With these large muscles, you are sitting on your body's best fat-fighting resource: Your glutes and your legs – the two body parts that encompass the leading mass and fat-burning muscles on the skeleton. They're capable of fantastic bursts of energy but additionally call for sizable amounts of gram calories to make that occur. Muscle is vibrant, it's alive and needs to be fed. Fat, on the other hand, consumes very little energy. It is, after all, the form in which the body deposits excess energy, i.e., excess gram calories. By focusing on your large thigh muscles, you super-charge your body’s calorie burning capacity and also target those in which adding muscle-mass is easiest.

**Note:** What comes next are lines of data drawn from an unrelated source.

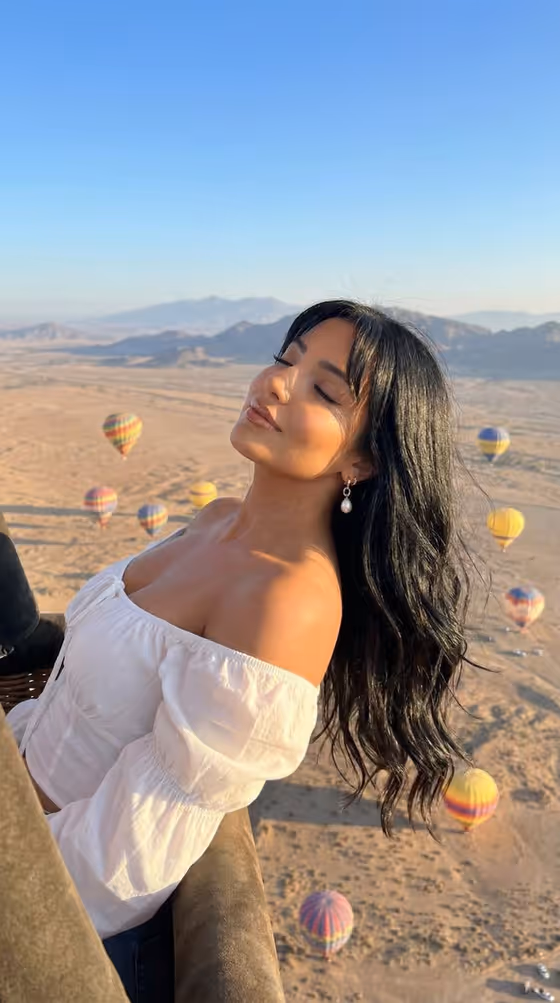 Balloon Travel Portrait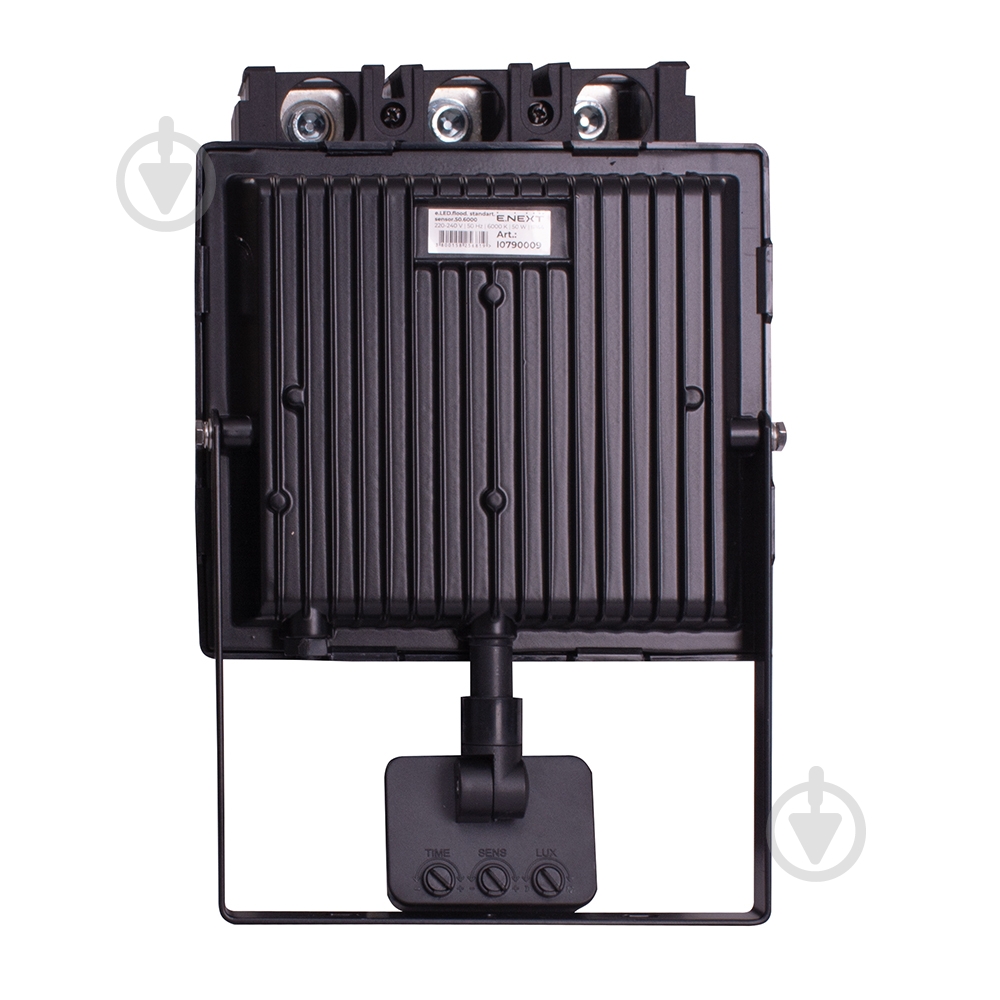 Прожектор с датчиком движения E.NEXT e.LED.flood.stand.sensor.50.6000 50 Вт IP44 черный l0790009 - фото 3 Прожектор с датчиком движения E.NEXT e.LED.flood.stand.sensor.50.6000 50 Вт IP44 черный l0790009 - фото 3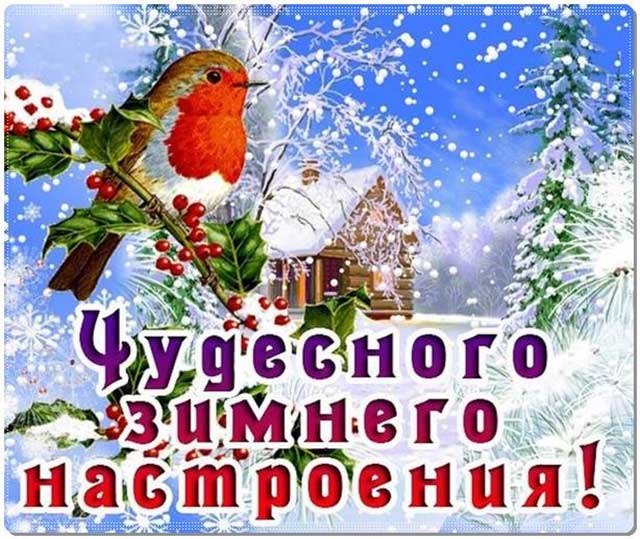 чудесного зимнего настроения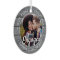 2 Photo First Christmas Engaged Grey Faux Wood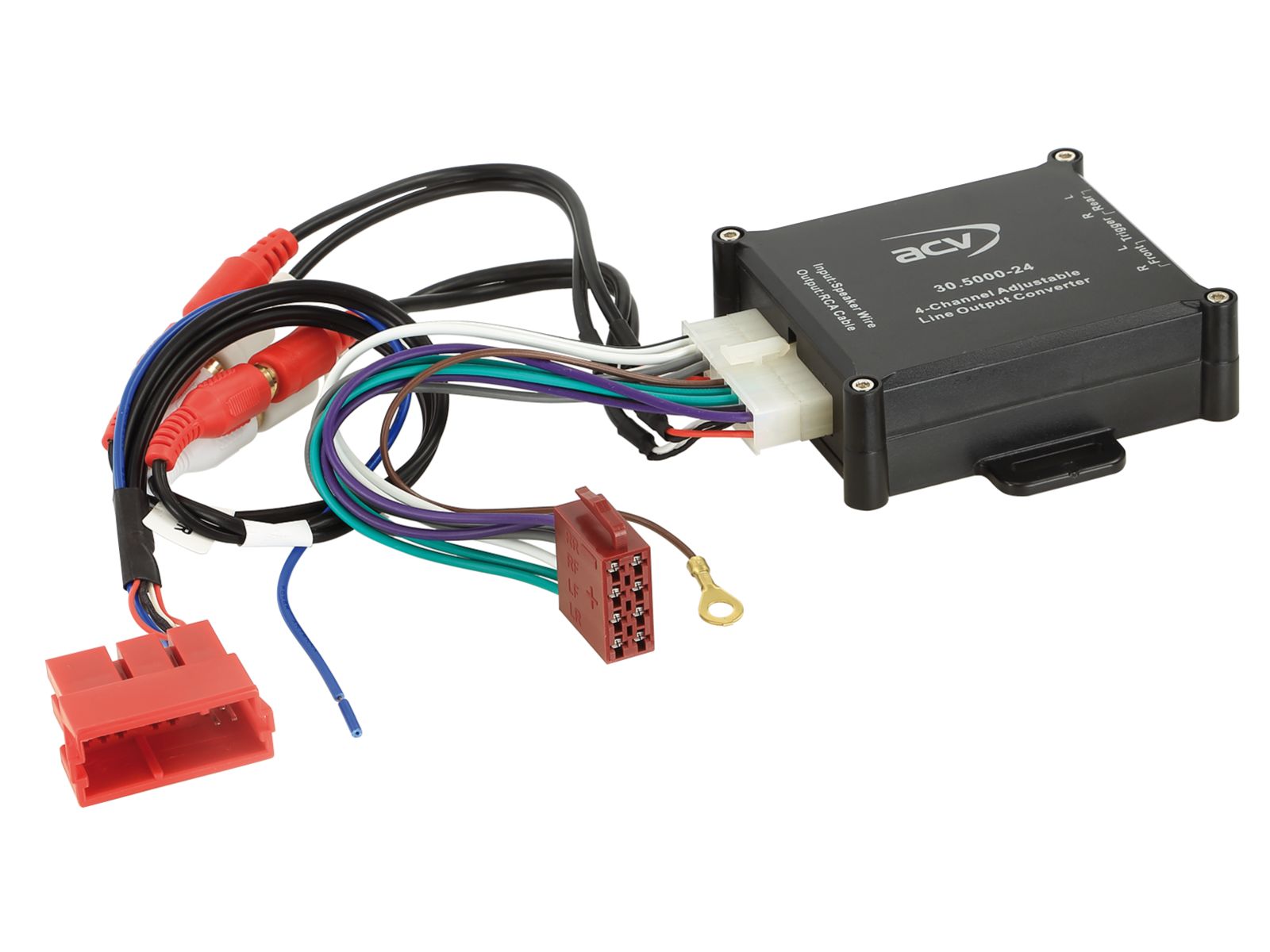 Aktivsystemadapter kompatibel mit Audi Bose Soundsystem mini ISO 4-Kanal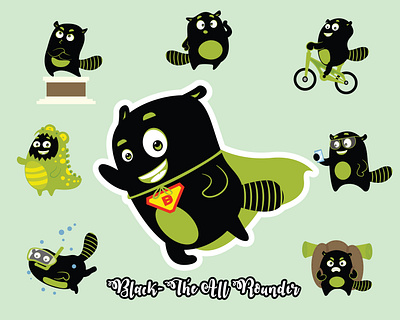 Black Cat - The All Rounder Emoji Set animal black cat cute design dribbble emoji emojiexperts expressions lovable set stickers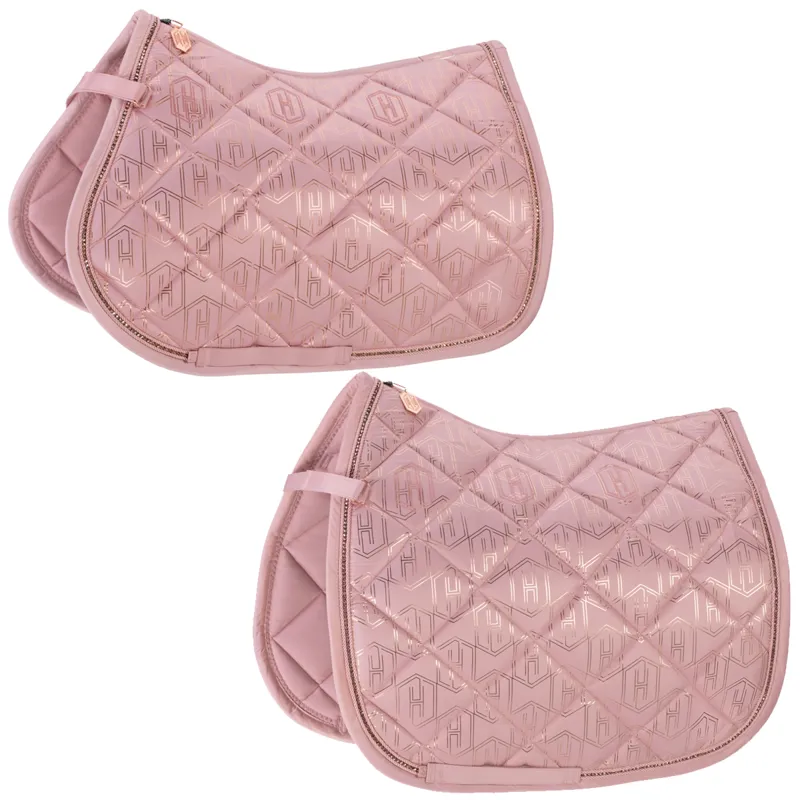 Eskadron Glossy Heritage Saddlecloth Heritage AW23 - Pearl Rose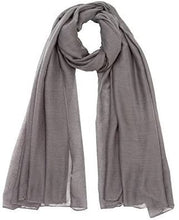 Load image into Gallery viewer, World Of Shawls Big Size Maxi Plain Scarf Hijab Sarong Shawl Wrap Cape 100% Soft Viscose - World of Scarfs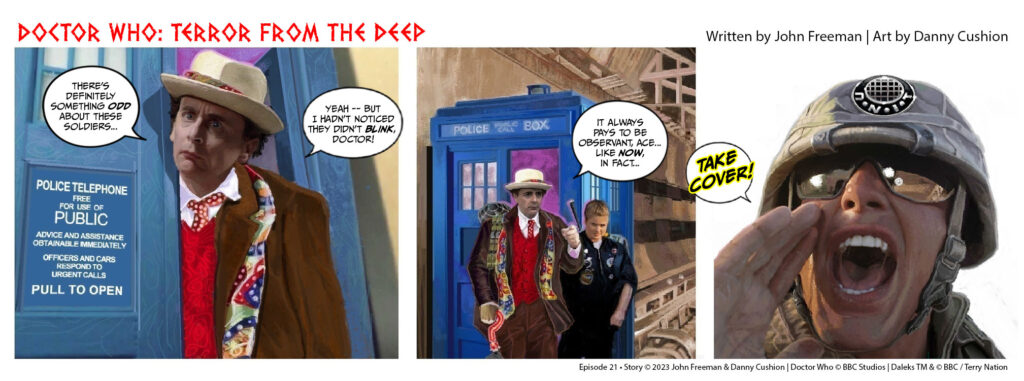 Doctor Who – Terror from the Deep: Episode 21 By John Freeman and Danny Cushion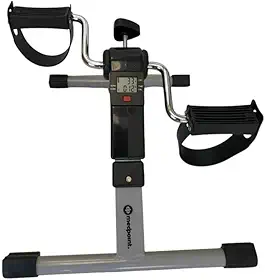 Mini Bike Ergometrica Bicicleta Pedal Portatil Visor Exercicio
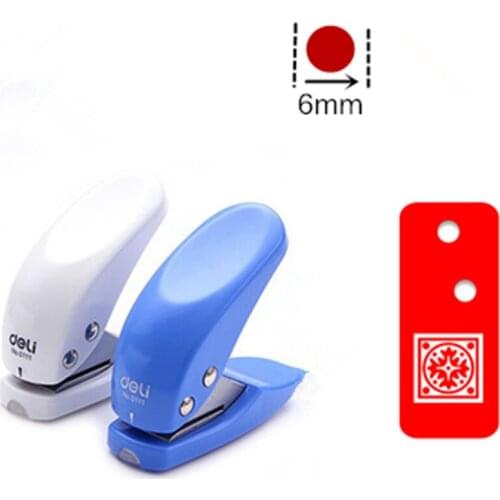 6mm circle shaped craft punch DIY bookmark hole puncher scrapbook paper cutter scrapbooking tag round punches Embossing device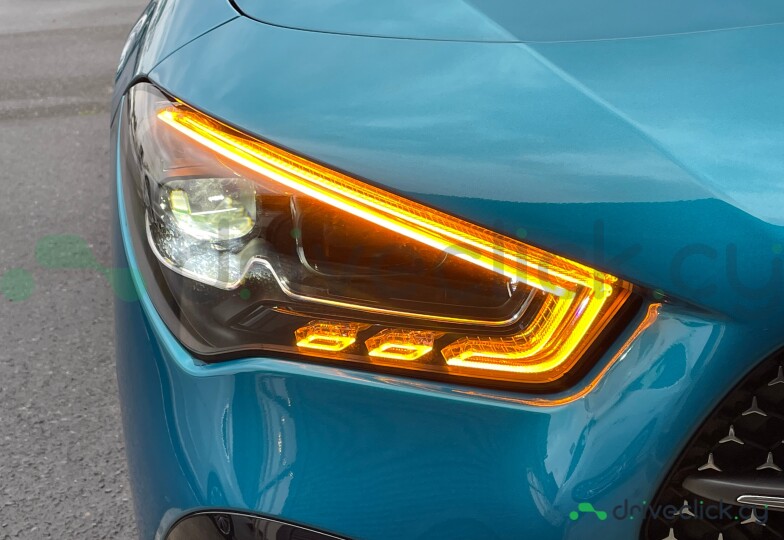 Mercedes CLA-class Blue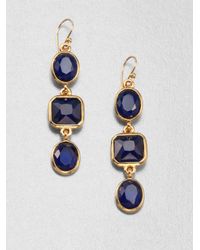 kate spade new york | Blue Geometric Drop Earrings | Lyst
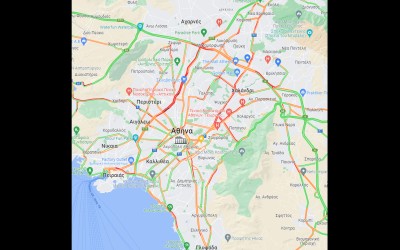 Χαμός αυτήν τη στιγμή στους δρόμους της Αθήνας-Δείτε πού έχει κίνηση
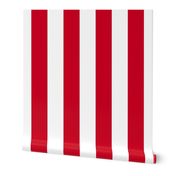 Carnival 3 inch red stripes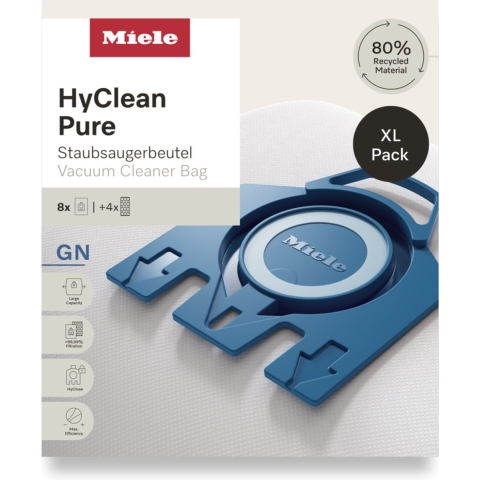 Miele GN XL HyClean Puur 8 stofzuigerzakken
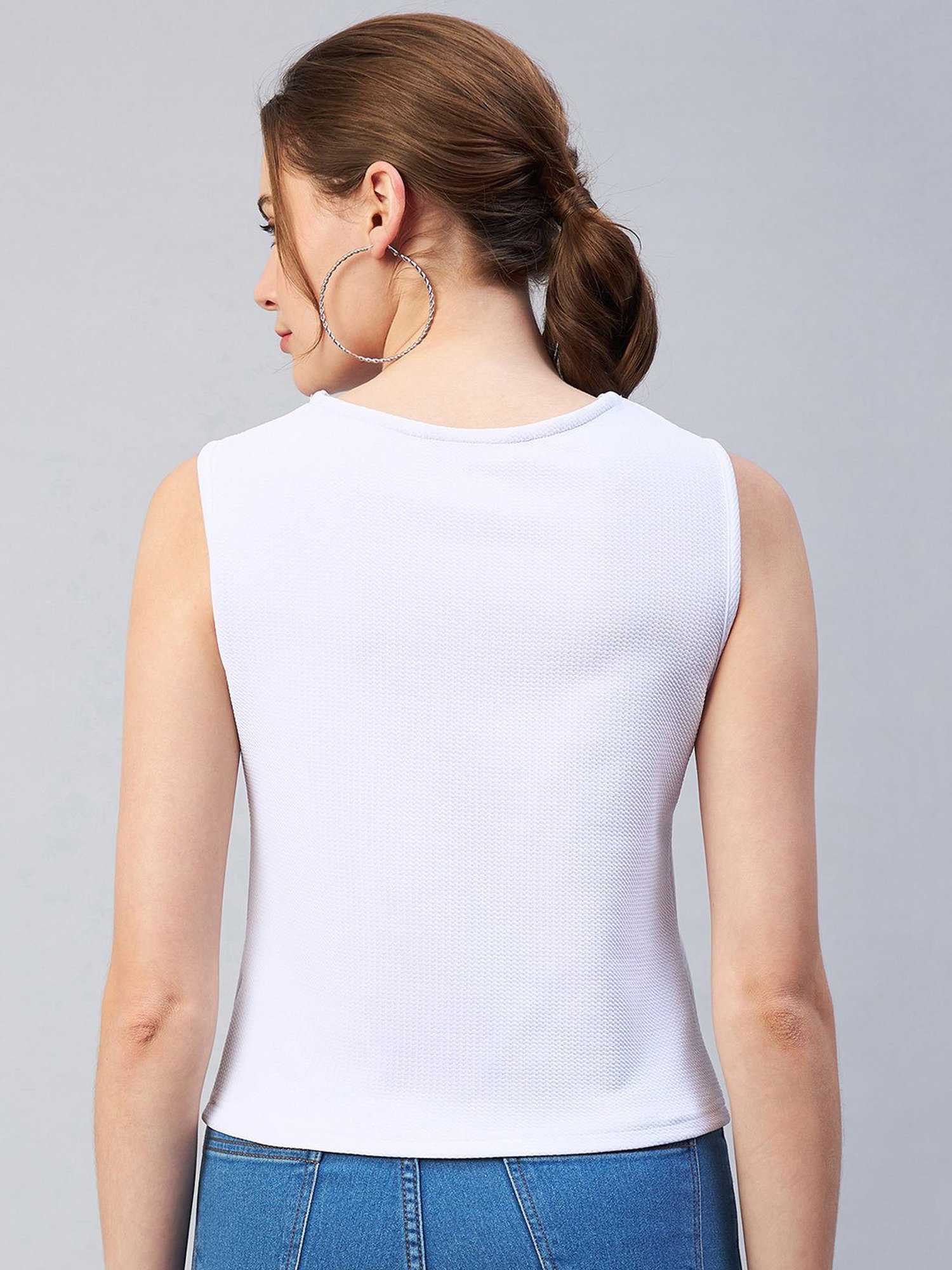 Marie Claire White Box Top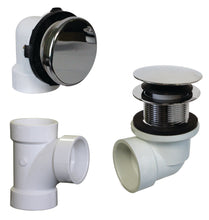 Load image into Gallery viewer, Westbrass D593PHRK Illusionary Overflow Sch. 40 PVC Plumbers Pack with Tip Toe Bath Drain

What's the implication? No excuses avoiding hard leg training. The possibility for muscular growth and transformations that leg training supplies for your whole entire body is too good to refuse. An effortless, twice-weekly training routine is to split your legs into front and rear. One day, focus the muscle in front of your legs, the other day, train the muscles on the rear of your legs. And if you're trying to develop a well-developed and shaped, beefy, muscular backside; do your lunges and squats! Try this training arrangement for 8 to 10 weeks and then switch it up.

Thursday, April 12, 2012

Are You a Quart Low?

The human body is approximately 60% water. That means that a 200 pound man is about 120 pounds of water, or about 15 gallons worth (water weights 8 lbs per gallon). The water content in muscle is even higher: about 80%. Do I really need to tell you that water is important for building muscle? No lecturing here but I will tell you why it's absolutely important: Well-hydrated muscle cells synthesize protein better than those that are not so well-hydrated. In other words, if you're low on water your body is using protein at a slower rate and that means that you're not growing muscle efficiently. What's the first thing you put in your mouth in the morning? Coffee? Diet Coke? Orange Juice? When you wake-up your body has lost water during the night through perspiration, respiration, and urination. Here's a simple test: Weigh yourself before you go to bed and again when you immediately wake up. There will be a difference on the scale. Was it one pound? Maybe two pounds? Lets just say the latter, two pounds. Two pounds of water is a whole quart, 32 ounces, or 4 cups of water! You need to put that back ASAP! And Gatorade and Crystal Lite don't count. During the past 25 years the first thing I've been drinking is 16 ounces of water every morning. That may be a lot for some folks but I'm a 200+ pound guy and it's not that hard. I recommend staring with at least 8 ounces to get your kidneys going. A common guideline is 8 glasses of water, about 64 ounces, through-out your day. Another good working guideline is to divide your weight by 2.2 and the result is now many ounces of water you should consume (Me: 200 lbs/2.2 = 90.9 ounces of water). These numbers aren't written in stone. During strenuous activity or if you're in a hot climate you'll probably need even more! Drink up and stay healthy!